9. La commission ad hoc s’est rendue à Ankara du 9 au 13 juin
2011 et avait un programme de briefing similaire (Annexe 3).
10. Dans le cadre de ce programme de briefing, une délégation
d’observateurs de l’Assemblée parlementaire de l’OSCE s’est jointe
à la commission ad hoc.
11. Le jour du scrutin, les membres de la commission ad hoc se
sont répartis en 16 équipes qui ont observé les élections à Ankara
et dans ses environs, à Antalya, Diyarbakir, Gaziantep, Istanbul,
Izmir, Trabzon et Van. Dans l’ensemble, ils ont observé le bon déroulement
des élections et le décompte des voix dans plus de 180 bureaux de
vote.
12. La commission ad hoc a conclu que les élections législatives
organisées le 12 juin 2011 en Turquie avaient été démocratiques,
bien menées et empreintes de pluralisme. Elle a toutefois estimé
qu’il reste nécessaire de renforcer les libertés fondamentales.

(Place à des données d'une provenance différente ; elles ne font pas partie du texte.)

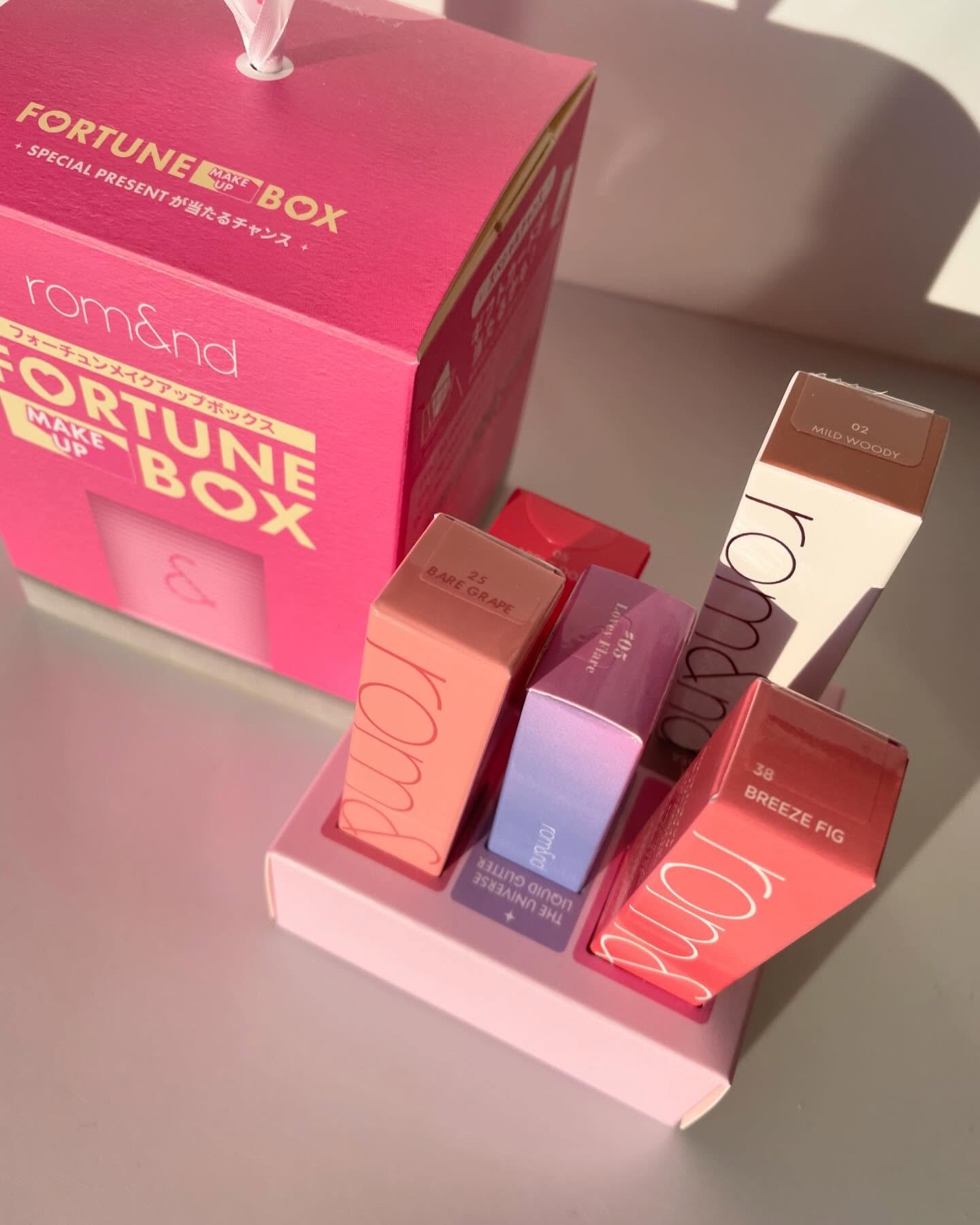 ジューシーラスティングティント/rom&nd/リップティントを使ったクチコミ（3枚目）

Le communiqué de presse publié le lendemain des élections figure
en Annexe 4.
13. La commission ad hoc tient à remercier les autorités turques,
et notamment la délégation turque auprès de l’Assemblée, pour sa
coopération et le soutien apporté à la commission ad hoc dans l’accomplissement
de sa mission.
2. Contexte
politique et juridique
14. Le 3 mars, 2011, le Parlement unicaméral turc (la
Grande Assemblée nationale) a fixé au 12 juin 2011 la date des élections
législatives aux fins d’élire ses 550 membres pour un mandat de
quatre ans.
15. En 2007, trois partis politiques avaient dépassé le seuil
de 10% qui détermine la représentation au parlement. Remportant
le plus grand nombre de sièges – 341 – le Parti pour la justice
et le développement (AKP) a été en mesure de former un gouvernement
majoritaire et d’élire son candidat à la Présidence en août 2007.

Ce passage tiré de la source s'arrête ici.